Extracted material Start Marker

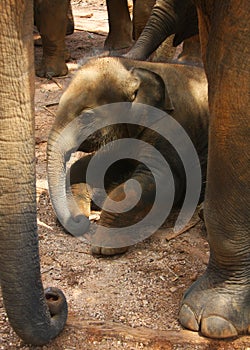 New-born elephant-calf, baby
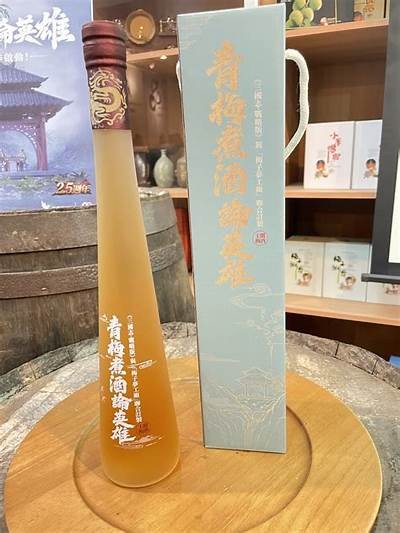 海角乡村同类社区探索与发展研究报告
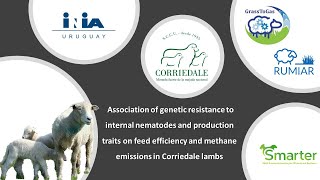 Genetic resistance to parasites vs production traits in Corriedale lambs  WCGALP2022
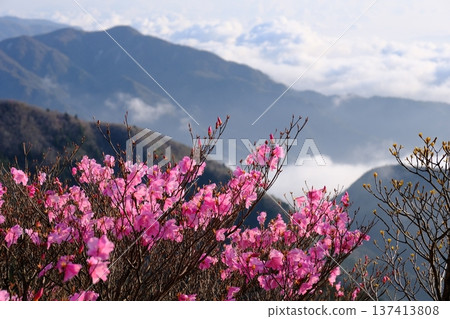 春花與山巒在晨光中搖曳-一片籠罩在柔和空氣中的景色 春花與山巒在晨光中搖曳-一片籠罩在柔和空氣中的景色 137413808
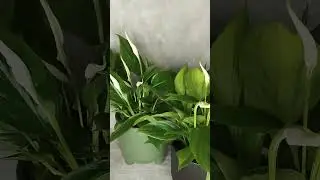спатифиллумм шопен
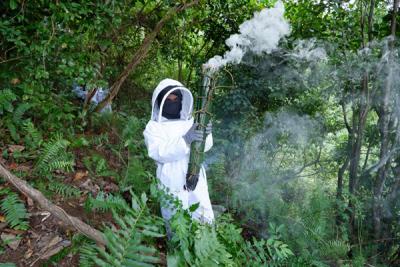 Meski sulit diakses, Dusun Cindakko memiliki potensi hasil alam yang menjanjikan, diantaranya madu hutan, kopi robusta dan arabika, serta gula aren.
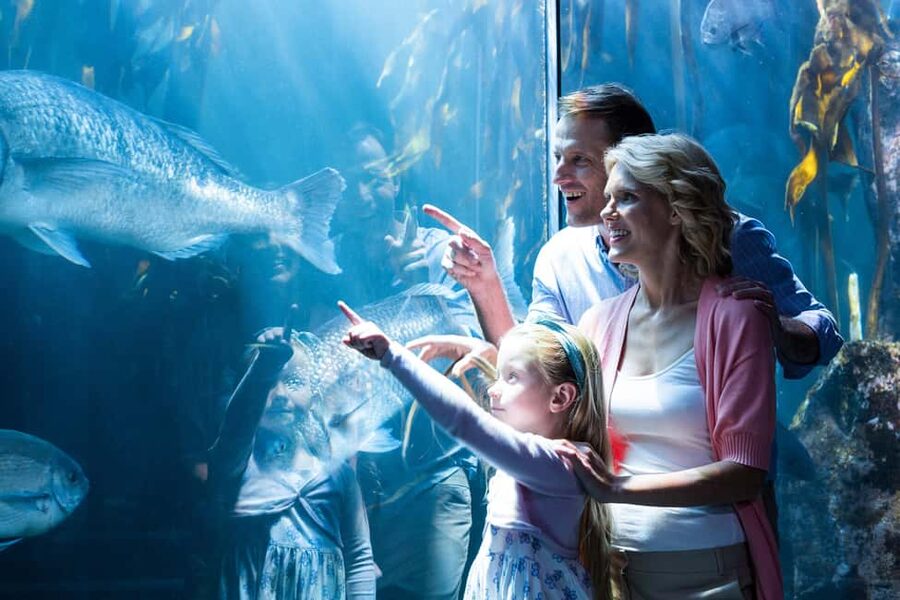 Chicago: 1-5 Day Attraction Pass with Shedd Aquarium - SkyDeck and 360 Chicago: choose one or do both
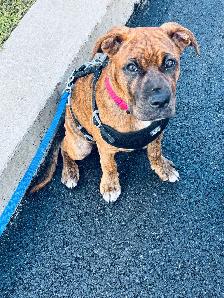 Chien à vendre - Photo 3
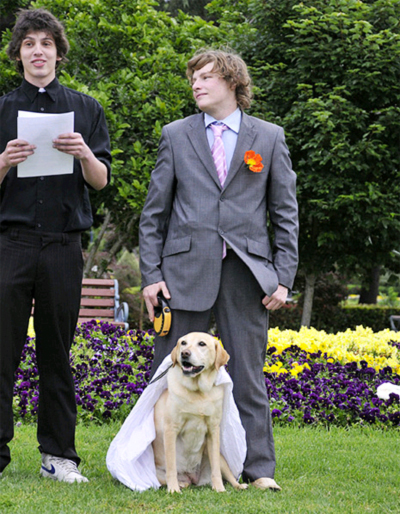 Dog Gone Wedding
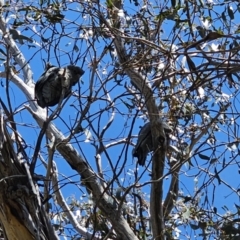 Callocephalon fimbriatum at Captains Flat, NSW - 11 Oct 2023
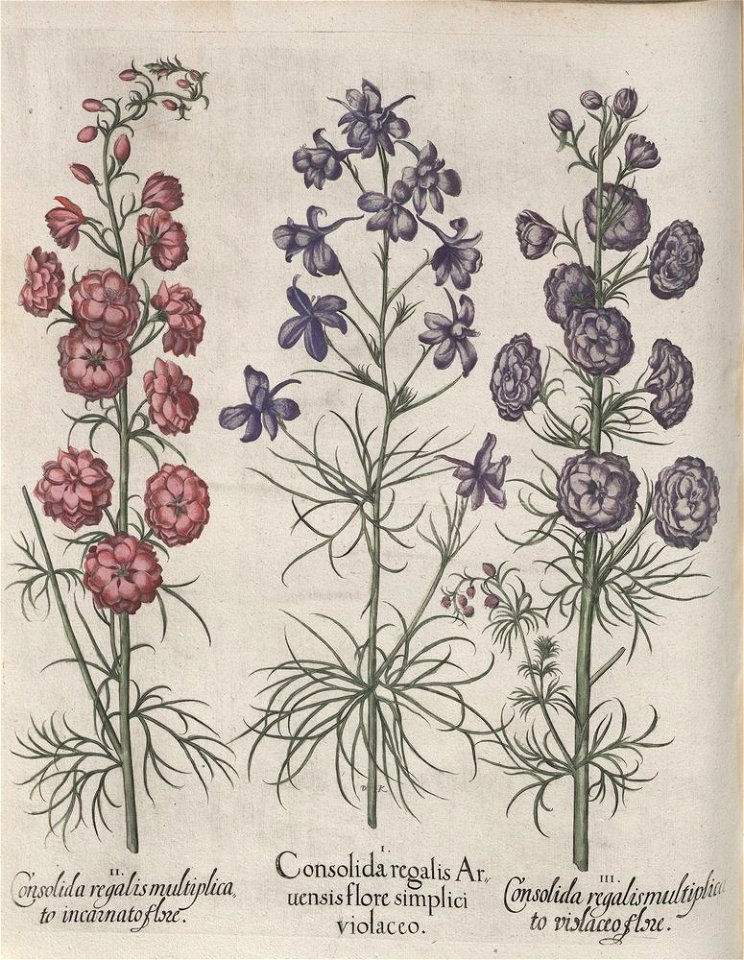Hortus Eystettensis, 1613 (KU 2894-2 124) -Aestiva,2,11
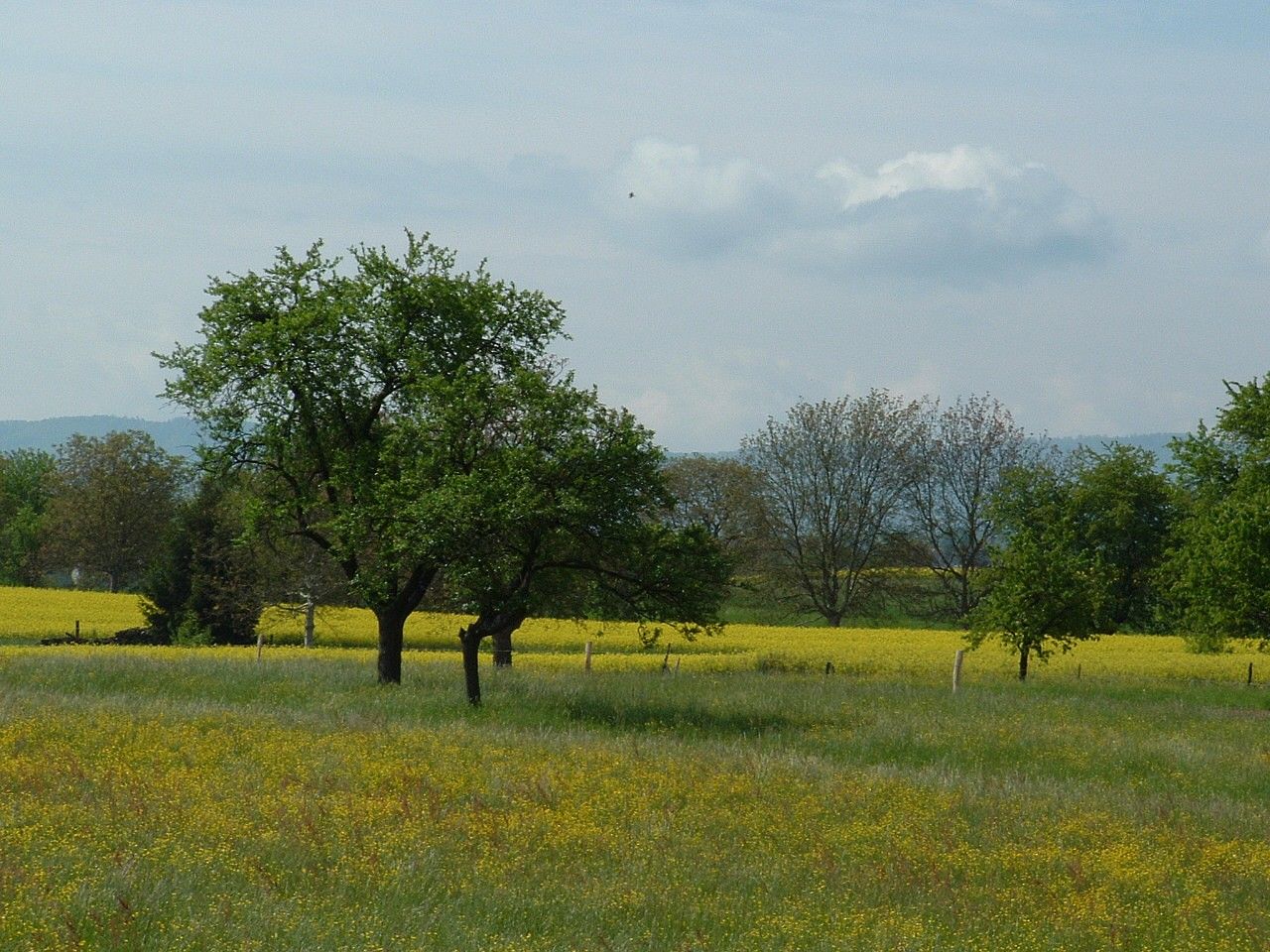 Fonds d'cran Nature Champs - Prairies 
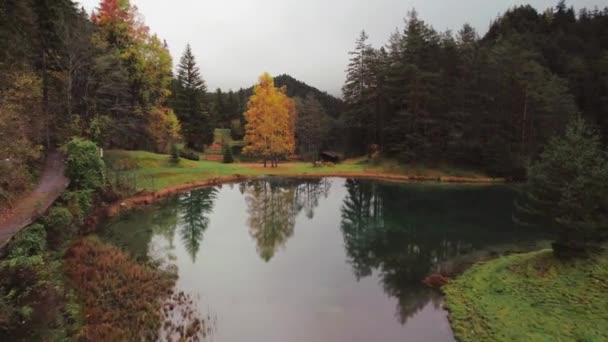 秋天的时候 奥地利费尔斯泰因湖的穆迪空中录像 高质量的照片 — 图库视频影像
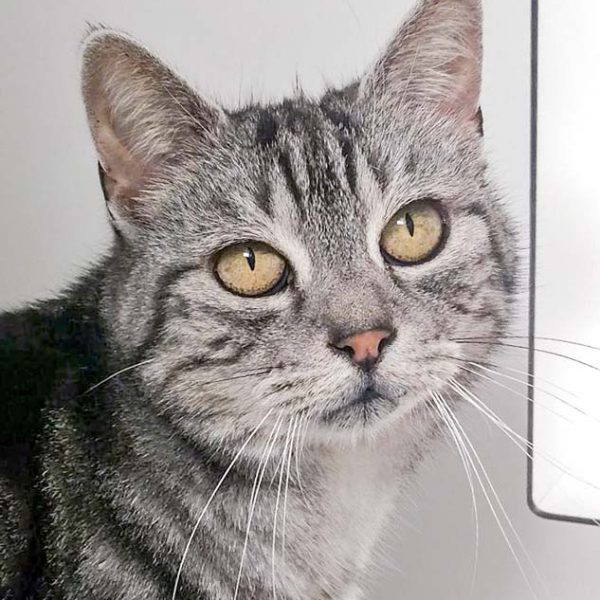 Kätzin Checky / © 2016 Arche KaNaum (DN) Kätzin Checky / © 2016 Arche KaNaum (DN)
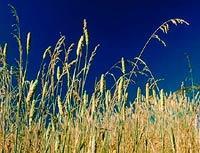 Soft stems enable prairie grasses to bend in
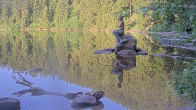 Archived image Webcam Lake Mummelsee - Black Forest 06:00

Extracted material End Marker

Work request:
From the material above, write out exactly the lines from the line with "Kätzin Checky / © 2016 Arche KaNaum (DN) Kätzin" through the closing line, inclusive, and no pictures.

Answer below:
 Kätzin Checky / © 2016 Arche KaNaum (DN) Kätzin Checky / © 2016 Arche KaNaum (DN)
 Soft stems enable prairie grasses to bend in
 Archived image Webcam Lake Mummelsee - Black Forest 06:00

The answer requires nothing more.